The label operated from 1983 until 2000, and during those seventeen years, only released ska and ska-influenced music. Originally named Moon Records, as a tribute to Sun Records, the label changed its name to Moon Ska Records because another label owned the copyright to the Moon Records name. The label was started by Robert "Bucket" Hingley, founding member of The Toasters as a means to distribute albums by The Toasters. The label became an American source for many British ska import albums.

==History==
The label rose to prominence in the early 1990s by releasing albums by many of the ska genre's biggest acts, such as The Toasters, The Slackers, Hepcat, The Scofflaws, Mephiskapheles, The Pietasters and the debut album of Dance Hall Crashers — as well as many up and coming bands such as Spring Heeled Jack and Mustard Plug. The label also promoted non-Moon Ska bands, such as The Allstonians, Gals Panic, Less Than Jake, through various compilation albums. Some of these compilations featured the earliest recordings by No Doubt. In 1997, the label branched out to form Ska Satellite Records, in order to produce albums from smaller acts at a lower budget. Moon Ska also produced patches and T-shirts that were sold at ska concerts around the world.

In the mid-1990s, the label operated its own store in East Village, Manhattan. The original storefront was located at 150 East 2nd Street in the Alphabet City section of the East Village. When space became an issue, the business moved to a larger location at 84 East 10th Street. The storefront was a way for fans to purchase albums directly from the source and at cheaper prices than those of chain stores. It also became a place of social interaction for both ska band members and fans from around the world.

Amidst the end of the ska boom of the mid-1990s, sales began to drop and many records were returned to the small label. Several distribution companies were filing bankruptcy while owing Moon Ska thousands of dollars in unpaid invoices, for albums that were already sent to stores. Those same record stores refused to keep the album prices in the suggested $10 range, and instead marked them up to between $17 and $19. All of these factors led to the end of the Moon Ska store, and eventually, the label itself.

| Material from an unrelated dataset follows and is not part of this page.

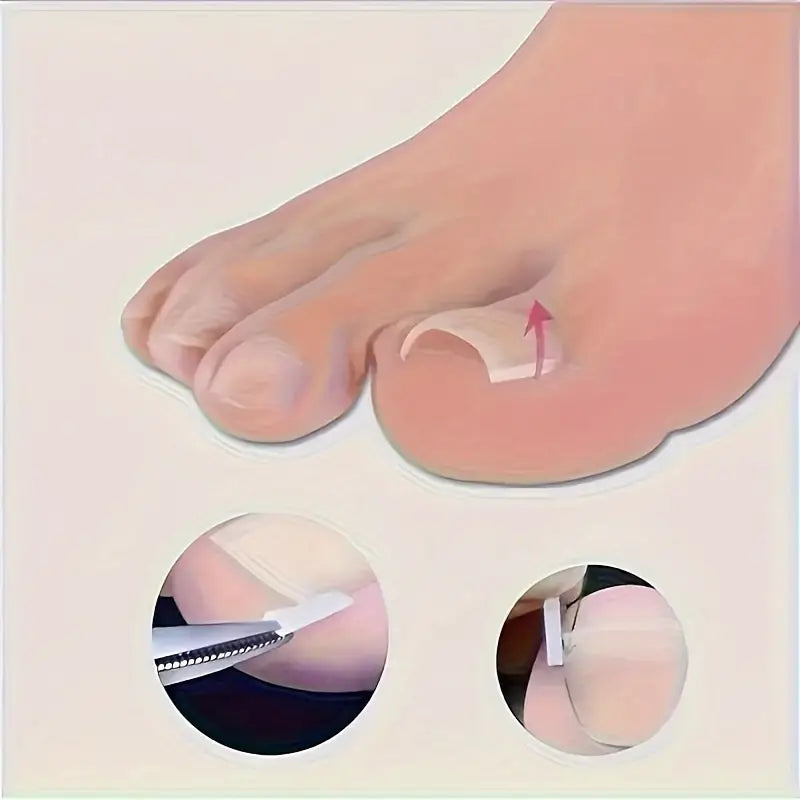 Correcteur d’Ongles Incarnés en Silicone – Clip Redresseur Indolore pour Soulager la Douleur et Corriger la Courbure des Ongles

The label was survived by Moon Ska World (formerly Moon Ska Europe), which was not owned by Hingley. Instead, it was a licensed affiliate operated by Laurie "Lol" Pryor, former manager of The Business and Dojo Records and Link Records head. Based in the United Kingdom, the label released albums from acts such as Rhoda Dakar, Symarip, The Big, The Upsessions, Skaville UK and Go Jimmy Go. Unlike its American sister label, Moon Ska World released albums from outside of the ska genre as well. With the 2006 name change from Moon Ska Europe to Moon Ska World, the label shifted its focus to ska and old reggae. The label's final release was the Peace Love Faith Hope Respect Co-Exist album by the Dub City Rockers in 2011. Pryor died in May 2022.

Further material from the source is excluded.